Come December and a palpable frenzy can be witnessed everywhere in the office! It is the time companies ask employees to submit their investment proofs for tax calculation, and suddenly everyone starts discussing tax and tax-saving investments. It is usually at times like these that you may make uninformed investment decisions by parking your funds in instruments that either don’t end up beating inflation, or lock up your money for a long time.

This is when the concept of equity-linked savings scheme (ELSS) gains prominence. ELSS doesn’t only save tax for an investor, but it also helps fulfil investors’ goal of creating wealth in the long-term. One can invest in ELSS funds to meet their various life goals of buying a vehicle, a house, taking a long-awaiting international vacation, etc.

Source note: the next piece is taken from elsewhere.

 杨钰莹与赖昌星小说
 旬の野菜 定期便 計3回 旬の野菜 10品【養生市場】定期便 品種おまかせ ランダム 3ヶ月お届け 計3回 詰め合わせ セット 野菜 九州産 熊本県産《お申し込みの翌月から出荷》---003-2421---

Here are five things you need to know about ELSS funds:

Helps save tax:

ELSS funds fall under the Section 80C category of investments, which help you reduce your taxable income by up to Rs. 1.5 lakh in a financial year. Investors falling in the tax bracket of 30% and 20% can end up saving up to Rs. 46,350 and Rs. 30,900, respectively.

No TDS:

Unlike other instruments, the returns earned on ELSS funds are exempt from tax deducted at source (TDS). This means no capital gains tax will be levied at the time of redemption and the dividend received is tax free.

Lowest lock in:

The one feature that makes ELSS stand out among its other tax-saving peers is that of its lowest lock-in period of three years; tax-saving fixed deposits (FDs) have a lock-in period of five years whereas Public Provident Fund (PPF) has 15-year lock-in period.

Superior returns:

As the name suggests, ELSS funds invest majority of its assets in the equity market, thereby helping investors earn inflation-beating returns over the long term. While investing, you will have two plan options –growth and dividend- to choose from. Experts recommend opting for the growth option as it will work well with your long-term goal of wealth creation via the compounding effect.

Ease of investing:

Opening an FD or PPF account needs a lump sum amount to be invested, but that’s not the case with ELSS funds. You can start an ELSS fund with an amount as small as Rs. 500. What’s more, you can set up a predetermined date for investing via the systematic investment plan (SIP) route. This will ensure you maintain a disciplined approach towards investments, while also helping you grow your wealth, in a tax-friendly way!